O feminismo em disputa


“Não aceito o controle do corpo e o moralismo como estratégias de combate. Sobretudo nos movimentos pela emancipação

Marília Moschkovich, Mulher Alternativa / OutrasPalavras

Não sou capaz de me lembrar há quanto tempo sou feminista. O feminismo sempre fez sentido numa família feminista – um privilégio, penso eu. Quanto mais eu tomava consciência do meu próprio feminismo, porém, mais eu percebia que as pessoas têm geralmente uma ideia muito equivocada do que significa adotar este posicionamento. Em primeiro lugar porque, embora haja tendências gerais, ele não é fixado, único e muito menos estático: está em disputa, como todas as categorias e formas de pensar a vida social. Em segundo lugar porque há quem, sendo antifeminista, se aproveite da disputa sobre essa visão de mundo para selecionar os casos mais esdrúxulos de sua interpretação e divulgá-los como uma caricatura de mau gosto de algo construído com tanto sangue, suor e — vejam só! — paciência.

A princípio, a ideia comum a todas as feministas é uma crítica aos papéis sociais sexuais e condições de vida por eles estabelecidos. Não se trata apenas de reivindicar direitos, mas de repensar, questionar, criticar. Reformular e construir uma nova ética, na qual as pessoas sejam tratadas da forma mais justa, igualitária e livre possível (inclusive quando isso significa estabelecer e reconhecer diferenças).
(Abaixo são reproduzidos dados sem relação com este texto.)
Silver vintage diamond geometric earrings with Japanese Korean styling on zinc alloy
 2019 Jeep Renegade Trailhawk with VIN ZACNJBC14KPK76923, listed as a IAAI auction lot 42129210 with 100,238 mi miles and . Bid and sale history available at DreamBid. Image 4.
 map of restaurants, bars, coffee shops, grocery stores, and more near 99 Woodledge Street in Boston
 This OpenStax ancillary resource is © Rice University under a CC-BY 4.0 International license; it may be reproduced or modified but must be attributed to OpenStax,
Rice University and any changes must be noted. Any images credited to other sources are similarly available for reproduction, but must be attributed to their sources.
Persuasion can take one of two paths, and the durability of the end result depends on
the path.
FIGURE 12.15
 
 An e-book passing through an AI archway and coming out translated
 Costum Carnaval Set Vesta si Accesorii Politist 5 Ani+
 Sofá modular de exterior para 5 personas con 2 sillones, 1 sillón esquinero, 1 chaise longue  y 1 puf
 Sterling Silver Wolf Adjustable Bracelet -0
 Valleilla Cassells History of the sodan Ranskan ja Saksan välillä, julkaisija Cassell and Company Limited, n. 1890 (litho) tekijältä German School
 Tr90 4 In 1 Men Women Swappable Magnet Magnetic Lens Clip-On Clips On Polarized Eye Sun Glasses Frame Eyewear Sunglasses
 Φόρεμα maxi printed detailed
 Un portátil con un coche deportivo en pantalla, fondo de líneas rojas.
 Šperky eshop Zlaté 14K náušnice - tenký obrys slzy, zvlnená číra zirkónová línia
Aí é que o negócio começa a complicar.

Não é segredo que há uma série de mitos sobre feministas, como há sobre comunistas (que “comiam criancinhas”, lembram?) ou sobre qualquer grupo que, ao se insurgir, parece ameaçar, de alguma forma, os privilégios vigentes de uma sociedade absoluta e cruelmente desigual. Quantos mitos sobre a baixa capacidade de alunos cotistas negros em universidades públicas? Quantos mitos sobre as práticas sexuais gays? Quantos mitos sobre travestis? Homens dançarinos? Mulheres lutadoras? Militantes?

Poupo vocês dos detalhes sórdidos e da cara de choque quando as pessoas descobrem que a comunidade “Empetecando”, no Facebook, sobre maquiagens, esmaltes e dicas de beleza, foi criada, é gerida e está repleta de mulheres feministas. Regular, controlar e restringir as práticas sexuais e corporais das pessoas com base em dogmas próprios imutáveis não feminismo, é religião. Feminismo é outra coisa.

É aí que está o truque, a disputa: algumas militantes que se reivindicam feministas definitivamente discordariam. Poucas, é fato. Mas existem. Há quem se reivindique feminista e pense em regramento e controle do corpo como estratégia de combate. Meu exemplo favorito – e que, com o perdão da péssima ironia, não faz ao feminismo libertário que defendo favor nenhum – é a guerra anti-pornografia que se deflagrou nos EUA na segunda metade do século 20. Munidas de estratégias antiéticas, teóricas como Catherine MacKinnon e Andrea Dworkin foram à luta não só na esfera intelectual mas também na esfera jurídica. Não mediram esforços para estabelecer mecanismos de controle extremo do Estado sobre as práticas sexuais de adultos em pleno exercício de sua razão.”